No Brasil, já foram relatados casos em nove estados: Amazonas, Pará, Roraima, Maranhão, Sergipe, Bahia, Paraíba, Pernambuco e Espírito Santo. Acredita-se que a anomalia possa expandir-se cerca de 40 quilômetros por ano, podendo atingir a cocoicultura de outros estados futuramente.
No Estado do Rio de Janeiro, responsável por 8% da produção da fruta no país e maior consumidor in natura de coco verde, ainda não foi relatado nenhum caso da anomalia. Entretanto, existe o risco de atingir o estado pela fronteira com o Espírito Santo, onde a ALCC foi relatada a cerca de 300 km.
Já ocorreu redução significativa da produção da fruta no Rio de Janeiro entre os anos de 2009 e 2019, de 48% da área cultivada, de 4.246 hectares para 2.215 hectares. Caso a Atrofia Letal da Coroa do Coqueiro chegue ao estado, pode afetar ainda mais o plantio e a produção e, consequentemente, o consumo e o lucro.
Entrevista realizada com o engenheiro agrônomo e diretor técnico da PESAGRO-RIO, Sílvio Galvão:
Existem formas de prevenir a ALCC?
Os estudos atuais não concluíram sobre o possível agente causal dessa anomalia.

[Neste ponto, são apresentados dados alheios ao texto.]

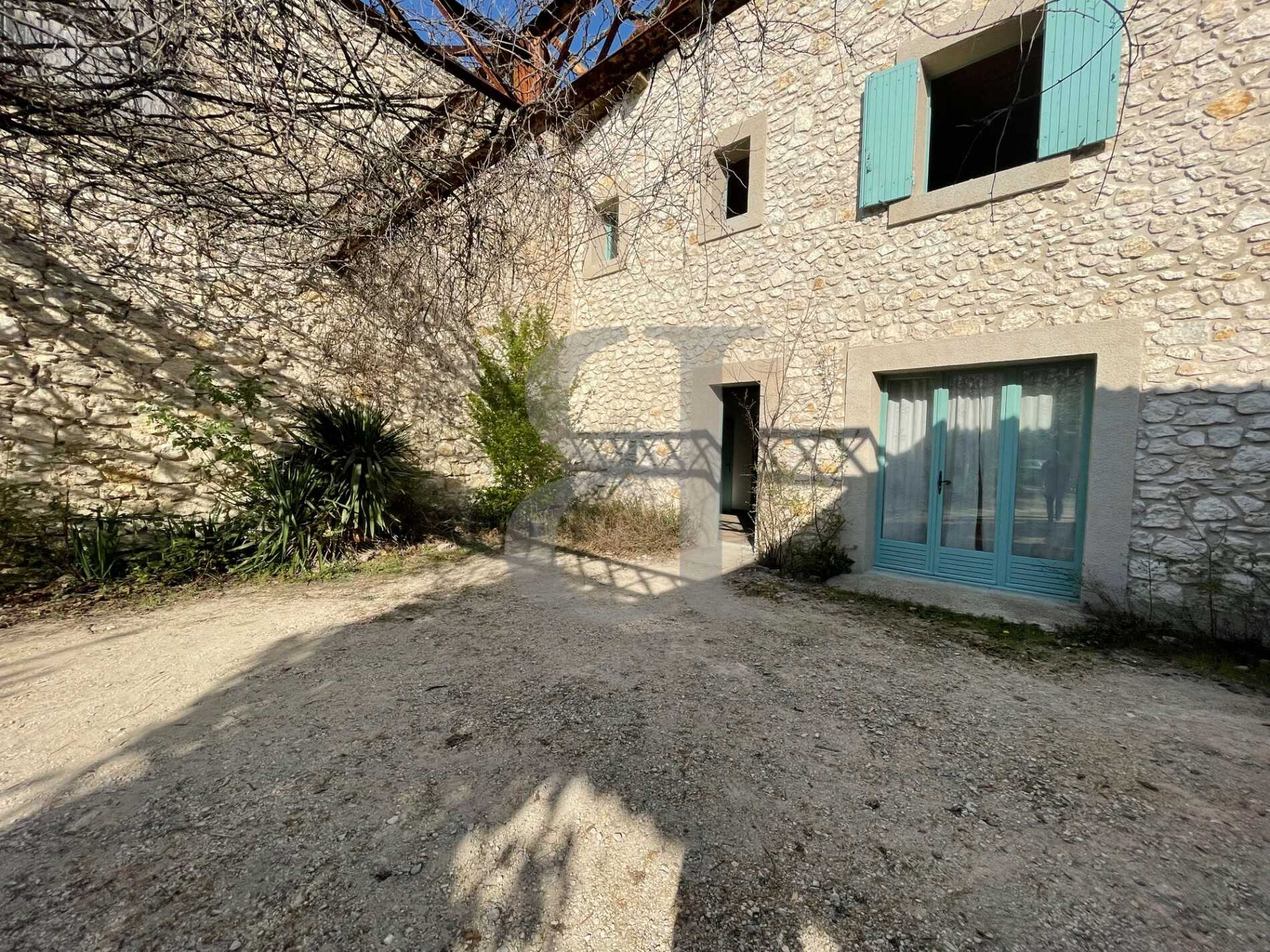 House in L'Isle-sur-la-Sorgue, Provence-Alpes-Cote d'Azur 10828640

Assim, entendemos ser mais pertinente a condução da plantação envolvendo diferentes alternativas de manejo da produção e limpeza da área visando plantas saudáveis e diminuição da infestação de pragas em geral.
Qual a principal forma de tratar e recuperar o coqueiro atingido?
A PESAGRO-RIO entende que a melhor forma é manter a lavoura livre de folhas velhas, com monitoramento sistemático do início de ocorrência de pragas, tanto na parte aérea quanto radicular. Ainda, a correção da acidez do solo, adubação equilibrada e a busca de drenagem adequada da área, evitando-se sempre áreas alagadiças, permitindo o máximo vigor das plantas e a manifestação da sua resistência natural a condições adversas.
Existe risco no consumo de cocos extraídos de árvores atingidas pela doença?
Não. Na agricultura, é rara a ocorrência de pragas ou distúrbios fisiológicos que provoquem algum tipo de patologia no consumidor. Assim, mesmo com a ocorrência da anomalia, o consumo não é prejudicado. O grande prejuízo está na diminuição da produção individual, na produtividade anual da área de cultivo e na longevidade dos coqueiros.